Short web captions
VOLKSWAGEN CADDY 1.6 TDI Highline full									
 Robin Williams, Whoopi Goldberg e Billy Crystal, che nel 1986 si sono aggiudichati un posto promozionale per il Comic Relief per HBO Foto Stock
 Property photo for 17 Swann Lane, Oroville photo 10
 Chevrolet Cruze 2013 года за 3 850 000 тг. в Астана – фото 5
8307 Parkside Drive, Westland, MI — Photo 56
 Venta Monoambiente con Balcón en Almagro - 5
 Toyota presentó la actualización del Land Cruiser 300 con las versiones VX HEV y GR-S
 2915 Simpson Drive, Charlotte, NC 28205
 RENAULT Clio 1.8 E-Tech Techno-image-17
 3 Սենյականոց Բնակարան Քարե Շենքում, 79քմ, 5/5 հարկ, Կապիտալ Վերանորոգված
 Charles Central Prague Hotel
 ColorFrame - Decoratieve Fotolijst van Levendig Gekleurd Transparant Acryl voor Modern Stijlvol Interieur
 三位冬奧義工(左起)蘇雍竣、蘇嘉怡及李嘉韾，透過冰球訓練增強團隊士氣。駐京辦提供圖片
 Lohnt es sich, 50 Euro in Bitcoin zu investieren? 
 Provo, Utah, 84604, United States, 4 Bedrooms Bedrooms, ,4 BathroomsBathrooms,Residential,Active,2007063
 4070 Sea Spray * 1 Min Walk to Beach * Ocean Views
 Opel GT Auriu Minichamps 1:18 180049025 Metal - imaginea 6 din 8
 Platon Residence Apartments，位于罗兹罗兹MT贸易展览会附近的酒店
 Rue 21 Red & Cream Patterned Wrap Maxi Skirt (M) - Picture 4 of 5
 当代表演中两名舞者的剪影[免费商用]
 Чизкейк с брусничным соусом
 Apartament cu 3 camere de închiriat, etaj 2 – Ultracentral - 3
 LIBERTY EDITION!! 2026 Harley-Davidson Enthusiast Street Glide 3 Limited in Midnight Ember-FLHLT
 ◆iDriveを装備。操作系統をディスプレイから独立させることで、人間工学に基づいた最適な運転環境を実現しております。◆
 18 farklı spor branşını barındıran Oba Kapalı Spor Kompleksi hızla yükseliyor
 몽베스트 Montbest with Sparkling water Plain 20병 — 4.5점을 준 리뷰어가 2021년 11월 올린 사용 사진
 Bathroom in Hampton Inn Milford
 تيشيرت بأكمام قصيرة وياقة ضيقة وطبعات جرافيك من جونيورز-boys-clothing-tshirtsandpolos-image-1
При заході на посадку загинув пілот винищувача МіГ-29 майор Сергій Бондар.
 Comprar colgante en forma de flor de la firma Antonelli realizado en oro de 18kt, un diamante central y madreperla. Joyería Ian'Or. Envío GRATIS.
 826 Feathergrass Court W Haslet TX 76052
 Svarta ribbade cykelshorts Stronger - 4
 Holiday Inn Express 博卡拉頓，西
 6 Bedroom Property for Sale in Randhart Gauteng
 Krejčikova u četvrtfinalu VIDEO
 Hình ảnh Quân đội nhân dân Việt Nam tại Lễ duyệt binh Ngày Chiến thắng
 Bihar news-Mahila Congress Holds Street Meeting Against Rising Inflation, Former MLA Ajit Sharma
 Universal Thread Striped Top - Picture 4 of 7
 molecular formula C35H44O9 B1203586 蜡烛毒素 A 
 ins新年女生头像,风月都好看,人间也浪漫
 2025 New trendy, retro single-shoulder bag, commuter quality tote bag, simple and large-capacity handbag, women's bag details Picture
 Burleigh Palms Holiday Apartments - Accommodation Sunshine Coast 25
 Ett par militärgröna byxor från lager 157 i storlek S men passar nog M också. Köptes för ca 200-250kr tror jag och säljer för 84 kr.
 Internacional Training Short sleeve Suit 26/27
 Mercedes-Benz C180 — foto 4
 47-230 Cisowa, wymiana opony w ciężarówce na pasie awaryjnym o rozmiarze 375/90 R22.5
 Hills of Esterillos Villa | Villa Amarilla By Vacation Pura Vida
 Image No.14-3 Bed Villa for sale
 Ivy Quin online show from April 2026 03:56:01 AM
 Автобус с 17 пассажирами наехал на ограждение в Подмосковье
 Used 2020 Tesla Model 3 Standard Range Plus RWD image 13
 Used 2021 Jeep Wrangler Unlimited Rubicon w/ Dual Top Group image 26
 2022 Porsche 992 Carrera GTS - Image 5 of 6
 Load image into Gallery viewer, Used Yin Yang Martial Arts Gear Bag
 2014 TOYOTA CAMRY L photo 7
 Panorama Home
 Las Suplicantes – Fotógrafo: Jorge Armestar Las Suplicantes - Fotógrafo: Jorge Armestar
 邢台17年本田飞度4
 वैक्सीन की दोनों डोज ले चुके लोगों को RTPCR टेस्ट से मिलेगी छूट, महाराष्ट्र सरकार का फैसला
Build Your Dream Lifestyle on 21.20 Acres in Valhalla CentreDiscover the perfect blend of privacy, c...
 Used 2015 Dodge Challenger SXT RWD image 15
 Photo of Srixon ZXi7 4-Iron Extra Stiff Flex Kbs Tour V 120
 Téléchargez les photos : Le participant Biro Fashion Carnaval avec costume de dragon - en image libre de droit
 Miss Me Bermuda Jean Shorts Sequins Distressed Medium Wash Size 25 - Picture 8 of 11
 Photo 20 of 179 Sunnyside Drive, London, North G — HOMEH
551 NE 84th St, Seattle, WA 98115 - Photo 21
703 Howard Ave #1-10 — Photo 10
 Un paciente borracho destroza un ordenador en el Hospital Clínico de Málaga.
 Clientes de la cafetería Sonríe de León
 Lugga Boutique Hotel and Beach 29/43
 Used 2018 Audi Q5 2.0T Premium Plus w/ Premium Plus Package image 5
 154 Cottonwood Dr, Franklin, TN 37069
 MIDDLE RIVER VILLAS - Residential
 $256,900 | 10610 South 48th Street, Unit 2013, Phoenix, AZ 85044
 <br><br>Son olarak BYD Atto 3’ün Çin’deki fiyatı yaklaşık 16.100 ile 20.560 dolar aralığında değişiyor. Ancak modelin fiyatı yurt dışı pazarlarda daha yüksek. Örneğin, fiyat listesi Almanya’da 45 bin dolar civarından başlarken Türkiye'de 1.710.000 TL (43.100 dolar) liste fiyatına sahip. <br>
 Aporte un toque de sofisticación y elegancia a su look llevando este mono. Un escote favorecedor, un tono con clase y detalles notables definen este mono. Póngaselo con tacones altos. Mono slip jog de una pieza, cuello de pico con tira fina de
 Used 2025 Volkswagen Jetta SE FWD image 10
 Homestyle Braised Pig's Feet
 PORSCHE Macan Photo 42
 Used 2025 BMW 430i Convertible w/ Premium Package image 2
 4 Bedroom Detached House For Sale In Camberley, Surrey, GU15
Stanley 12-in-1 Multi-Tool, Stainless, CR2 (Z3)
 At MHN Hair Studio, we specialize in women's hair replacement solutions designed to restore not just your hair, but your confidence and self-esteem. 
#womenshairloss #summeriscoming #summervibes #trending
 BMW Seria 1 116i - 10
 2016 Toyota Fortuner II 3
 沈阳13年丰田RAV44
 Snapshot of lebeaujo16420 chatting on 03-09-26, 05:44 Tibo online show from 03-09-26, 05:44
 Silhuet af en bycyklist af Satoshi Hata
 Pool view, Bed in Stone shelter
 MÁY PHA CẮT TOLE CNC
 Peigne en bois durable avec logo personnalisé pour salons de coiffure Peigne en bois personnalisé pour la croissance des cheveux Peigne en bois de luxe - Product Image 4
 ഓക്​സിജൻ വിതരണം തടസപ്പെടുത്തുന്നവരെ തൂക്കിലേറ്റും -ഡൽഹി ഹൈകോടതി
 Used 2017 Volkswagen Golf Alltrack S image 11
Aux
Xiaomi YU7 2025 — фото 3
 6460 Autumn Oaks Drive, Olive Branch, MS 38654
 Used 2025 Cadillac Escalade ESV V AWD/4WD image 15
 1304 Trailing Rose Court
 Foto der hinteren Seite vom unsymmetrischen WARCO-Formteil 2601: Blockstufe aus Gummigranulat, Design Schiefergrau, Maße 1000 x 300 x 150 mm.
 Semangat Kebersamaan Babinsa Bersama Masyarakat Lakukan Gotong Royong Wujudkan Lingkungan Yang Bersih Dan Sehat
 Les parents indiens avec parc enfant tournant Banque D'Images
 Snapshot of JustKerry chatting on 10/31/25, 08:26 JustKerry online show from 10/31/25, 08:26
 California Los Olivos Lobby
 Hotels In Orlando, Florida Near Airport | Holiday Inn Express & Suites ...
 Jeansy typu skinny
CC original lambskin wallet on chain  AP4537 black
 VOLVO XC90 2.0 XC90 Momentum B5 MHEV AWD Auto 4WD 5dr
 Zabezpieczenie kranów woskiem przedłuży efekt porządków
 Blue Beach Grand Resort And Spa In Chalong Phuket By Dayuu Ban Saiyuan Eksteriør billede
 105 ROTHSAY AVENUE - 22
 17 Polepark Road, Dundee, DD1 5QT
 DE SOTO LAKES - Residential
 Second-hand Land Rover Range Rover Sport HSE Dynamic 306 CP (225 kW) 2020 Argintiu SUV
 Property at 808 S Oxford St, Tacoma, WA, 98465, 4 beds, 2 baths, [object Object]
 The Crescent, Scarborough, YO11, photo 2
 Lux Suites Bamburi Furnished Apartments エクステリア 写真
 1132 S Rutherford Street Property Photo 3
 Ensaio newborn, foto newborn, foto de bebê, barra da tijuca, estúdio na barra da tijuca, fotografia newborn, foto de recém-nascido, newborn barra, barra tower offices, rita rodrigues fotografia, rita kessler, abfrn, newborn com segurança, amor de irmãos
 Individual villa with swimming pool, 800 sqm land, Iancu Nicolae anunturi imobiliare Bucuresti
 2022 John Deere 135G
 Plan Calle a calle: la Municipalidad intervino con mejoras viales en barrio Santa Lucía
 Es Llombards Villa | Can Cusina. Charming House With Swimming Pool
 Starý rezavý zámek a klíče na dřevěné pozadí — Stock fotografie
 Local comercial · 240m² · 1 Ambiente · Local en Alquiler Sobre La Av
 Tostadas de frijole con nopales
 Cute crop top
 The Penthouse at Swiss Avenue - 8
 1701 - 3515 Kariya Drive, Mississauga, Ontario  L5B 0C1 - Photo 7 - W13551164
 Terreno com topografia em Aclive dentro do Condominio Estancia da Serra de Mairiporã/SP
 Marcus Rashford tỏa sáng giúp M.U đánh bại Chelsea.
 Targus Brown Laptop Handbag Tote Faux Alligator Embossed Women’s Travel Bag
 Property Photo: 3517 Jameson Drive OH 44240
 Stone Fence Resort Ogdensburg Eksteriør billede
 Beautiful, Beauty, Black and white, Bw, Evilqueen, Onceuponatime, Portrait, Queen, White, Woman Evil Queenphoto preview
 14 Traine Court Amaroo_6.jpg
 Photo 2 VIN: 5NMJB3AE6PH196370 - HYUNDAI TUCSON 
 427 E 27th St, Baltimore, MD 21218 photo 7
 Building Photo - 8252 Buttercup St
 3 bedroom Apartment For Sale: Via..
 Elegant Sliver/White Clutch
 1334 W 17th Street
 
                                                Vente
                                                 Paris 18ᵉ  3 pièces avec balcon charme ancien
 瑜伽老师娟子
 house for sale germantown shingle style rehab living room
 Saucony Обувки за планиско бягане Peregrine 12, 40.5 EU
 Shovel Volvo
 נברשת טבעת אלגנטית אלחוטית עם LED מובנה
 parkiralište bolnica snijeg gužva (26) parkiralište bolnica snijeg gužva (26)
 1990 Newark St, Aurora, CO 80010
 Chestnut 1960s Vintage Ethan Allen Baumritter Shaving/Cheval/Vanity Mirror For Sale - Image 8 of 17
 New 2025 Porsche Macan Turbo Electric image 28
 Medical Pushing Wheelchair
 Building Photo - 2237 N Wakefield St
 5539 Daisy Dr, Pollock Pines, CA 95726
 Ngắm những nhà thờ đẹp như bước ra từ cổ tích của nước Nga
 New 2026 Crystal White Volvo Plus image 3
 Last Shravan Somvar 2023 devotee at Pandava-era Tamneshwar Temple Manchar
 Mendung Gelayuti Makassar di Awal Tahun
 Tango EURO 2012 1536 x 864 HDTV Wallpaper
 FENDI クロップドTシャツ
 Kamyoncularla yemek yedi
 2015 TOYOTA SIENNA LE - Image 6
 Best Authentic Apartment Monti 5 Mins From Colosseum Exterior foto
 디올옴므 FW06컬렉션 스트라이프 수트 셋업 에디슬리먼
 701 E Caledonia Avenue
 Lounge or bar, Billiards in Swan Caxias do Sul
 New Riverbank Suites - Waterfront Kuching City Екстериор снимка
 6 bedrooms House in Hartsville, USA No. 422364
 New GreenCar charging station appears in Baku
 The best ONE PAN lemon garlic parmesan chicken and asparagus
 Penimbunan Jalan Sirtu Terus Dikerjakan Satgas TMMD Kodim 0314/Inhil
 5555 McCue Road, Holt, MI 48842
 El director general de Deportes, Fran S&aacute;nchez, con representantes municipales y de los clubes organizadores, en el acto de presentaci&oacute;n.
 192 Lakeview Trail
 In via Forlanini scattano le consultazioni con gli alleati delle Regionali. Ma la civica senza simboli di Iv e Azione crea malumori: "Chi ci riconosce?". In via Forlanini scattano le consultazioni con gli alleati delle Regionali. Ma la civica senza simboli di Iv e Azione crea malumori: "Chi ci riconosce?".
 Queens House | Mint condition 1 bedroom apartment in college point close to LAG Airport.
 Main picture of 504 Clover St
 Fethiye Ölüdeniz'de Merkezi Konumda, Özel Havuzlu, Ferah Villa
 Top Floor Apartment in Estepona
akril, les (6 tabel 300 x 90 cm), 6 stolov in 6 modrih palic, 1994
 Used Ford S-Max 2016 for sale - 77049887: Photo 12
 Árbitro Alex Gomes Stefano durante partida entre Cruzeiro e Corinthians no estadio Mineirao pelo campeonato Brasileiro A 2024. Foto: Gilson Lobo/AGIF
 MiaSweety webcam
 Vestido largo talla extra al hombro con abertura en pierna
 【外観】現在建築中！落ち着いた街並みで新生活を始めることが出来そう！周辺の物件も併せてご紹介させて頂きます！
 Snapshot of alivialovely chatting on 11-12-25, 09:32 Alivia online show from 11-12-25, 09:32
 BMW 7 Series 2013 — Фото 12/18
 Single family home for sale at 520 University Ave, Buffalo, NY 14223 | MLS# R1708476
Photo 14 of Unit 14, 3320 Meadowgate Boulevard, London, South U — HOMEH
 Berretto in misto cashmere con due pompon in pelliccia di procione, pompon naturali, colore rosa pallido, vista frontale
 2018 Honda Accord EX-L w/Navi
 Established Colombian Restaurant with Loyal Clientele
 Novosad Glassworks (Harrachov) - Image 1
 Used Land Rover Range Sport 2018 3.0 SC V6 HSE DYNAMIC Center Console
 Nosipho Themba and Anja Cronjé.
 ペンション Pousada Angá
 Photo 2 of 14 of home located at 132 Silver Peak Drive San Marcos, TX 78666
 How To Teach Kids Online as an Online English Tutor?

**Work instruction:** Starting at the line above that contains "4 Bedroom Detached", repeat each line exactly up to and including the line that contains "DE SOTO LAKES - Residential", and stop there.

**Result for this task:**
 4 Bedroom Detached House For Sale In Camberley, Surrey, GU15
Stanley 12-in-1 Multi-Tool, Stainless, CR2 (Z3)
 At MHN Hair Studio, we specialize in women's hair replacement solutions designed to restore not just your hair, but your confidence and self-esteem. 
#womenshairloss #summeriscoming #summervibes #trending
 BMW Seria 1 116i - 10
 2016 Toyota Fortuner II 3
 沈阳13年丰田RAV44
 Snapshot of lebeaujo16420 chatting on 03-09-26, 05:44 Tibo online show from 03-09-26, 05:44
 Silhuet af en bycyklist af Satoshi Hata
 Pool view, Bed in Stone shelter
 MÁY PHA CẮT TOLE CNC
 Peigne en bois durable avec logo personnalisé pour salons de coiffure Peigne en bois personnalisé pour la croissance des cheveux Peigne en bois de luxe - Product Image 4
 ഓക്​സിജൻ വിതരണം തടസപ്പെടുത്തുന്നവരെ തൂക്കിലേറ്റും -ഡൽഹി ഹൈകോടതി
 Used 2017 Volkswagen Golf Alltrack S image 11
Aux
Xiaomi YU7 2025 — фото 3
 6460 Autumn Oaks Drive, Olive Branch, MS 38654
 Used 2025 Cadillac Escalade ESV V AWD/4WD image 15
 1304 Trailing Rose Court
 Foto der hinteren Seite vom unsymmetrischen WARCO-Formteil 2601: Blockstufe aus Gummigranulat, Design Schiefergrau, Maße 1000 x 300 x 150 mm.
 Semangat Kebersamaan Babinsa Bersama Masyarakat Lakukan Gotong Royong Wujudkan Lingkungan Yang Bersih Dan Sehat
 Les parents indiens avec parc enfant tournant Banque D'Images
 Snapshot of JustKerry chatting on 10/31/25, 08:26 JustKerry online show from 10/31/25, 08:26
 California Los Olivos Lobby
 Hotels In Orlando, Florida Near Airport | Holiday Inn Express & Suites ...
 Jeansy typu skinny
CC original lambskin wallet on chain  AP4537 black
 VOLVO XC90 2.0 XC90 Momentum B5 MHEV AWD Auto 4WD 5dr
 Zabezpieczenie kranów woskiem przedłuży efekt porządków
 Blue Beach Grand Resort And Spa In Chalong Phuket By Dayuu Ban Saiyuan Eksteriør billede
 105 ROTHSAY AVENUE - 22
 17 Polepark Road, Dundee, DD1 5QT
 DE SOTO LAKES - Residential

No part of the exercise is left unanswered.